What the exercise asks
All lines from the one containing "Auf diesem ehemaligen" through the last line of the listing should be given again exactly, with no pictures.

Study material
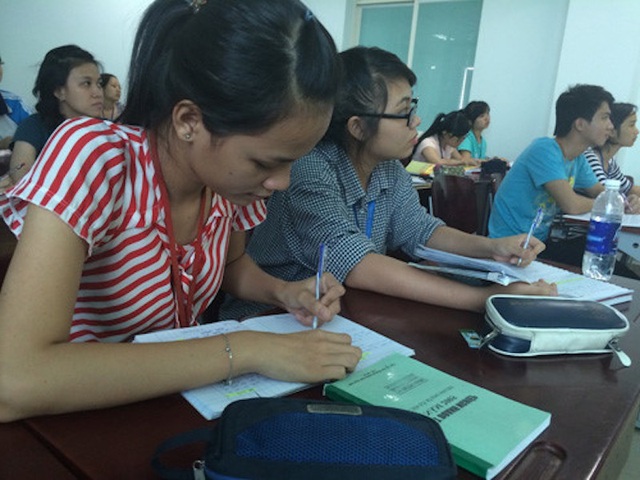 Hàng năm sinh viên tài năng có gần 60 đề tài nghiên cứu khoa học - 1 Sinh viên cử nhân tài năng của ĐH Quốc gia TP.HCM trong giờ học (ảnh minh hoạ)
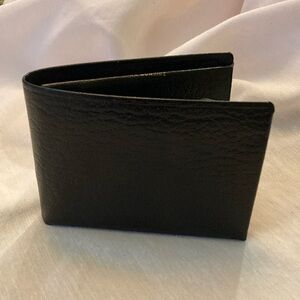 NWOT Black Paloma Cowhide Bifold Men’s Wallet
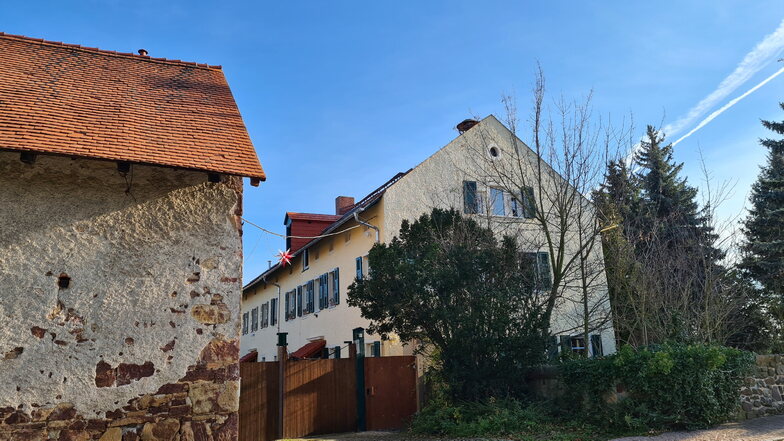 Auf diesem ehemaligen Gutshof in Bockelwitz zwischen Döbeln und Leisnig lebt Fischer. Nachbarn berichten von vielen Monteuren, die vor wenigen Jahren noch dort Wohnmobile vorrichteten.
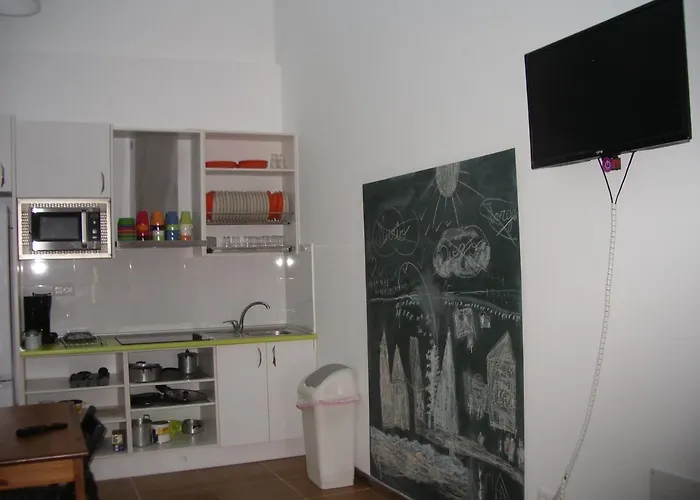 Hostel El Castillo By Aninon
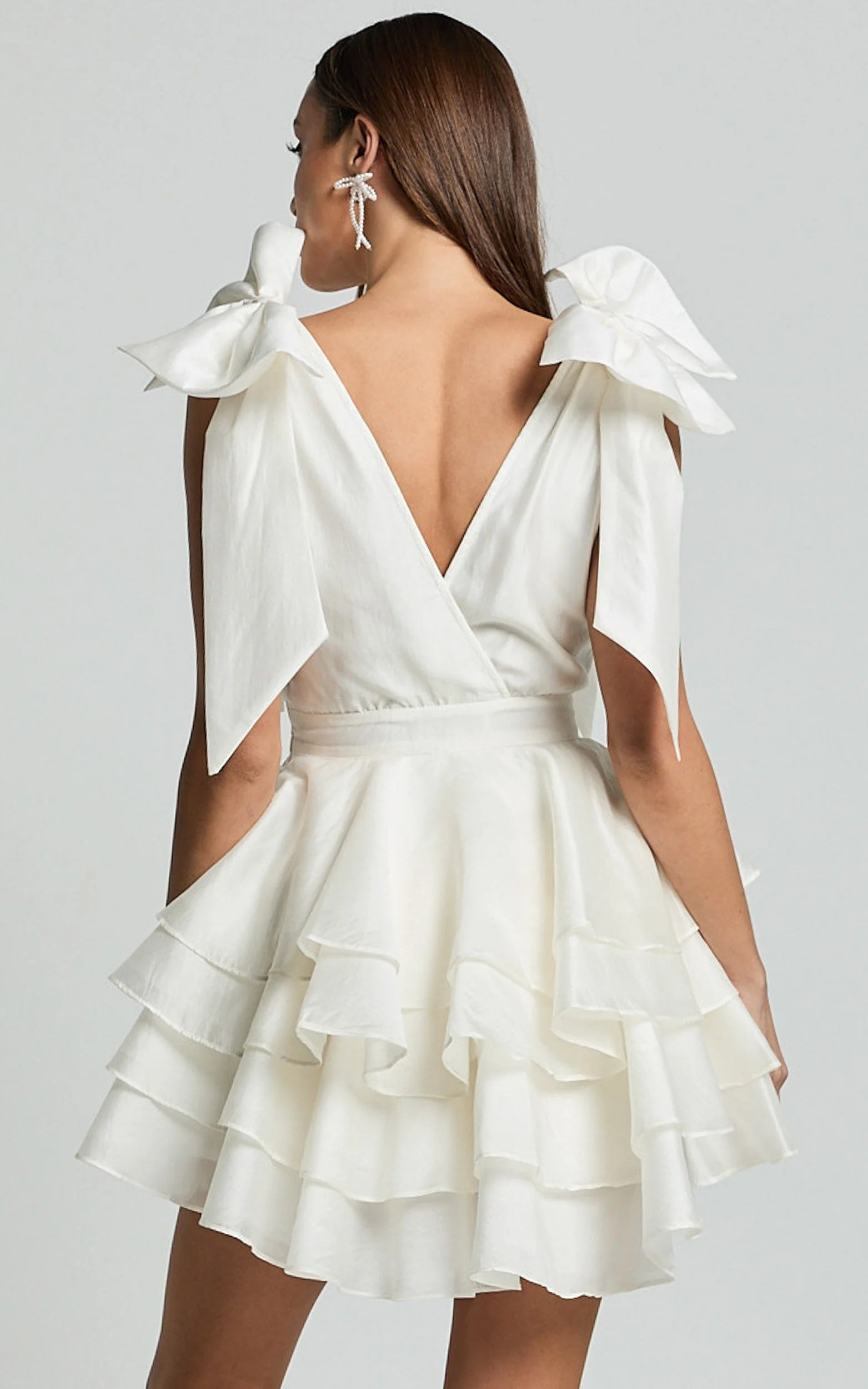 Weitese Dress Elegant Shoulder Tie Plunge Ruffle Mini Dress White A-Line Sleeveless Backless Homecoming Dress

Answer box
 Auf diesem ehemaligen Gutshof in Bockelwitz zwischen Döbeln und Leisnig lebt Fischer. Nachbarn berichten von vielen Monteuren, die vor wenigen Jahren noch dort Wohnmobile vorrichteten.
 Hostel El Castillo By Aninon
 Weitese Dress Elegant Shoulder Tie Plunge Ruffle Mini Dress White A-Line Sleeveless Backless Homecoming Dress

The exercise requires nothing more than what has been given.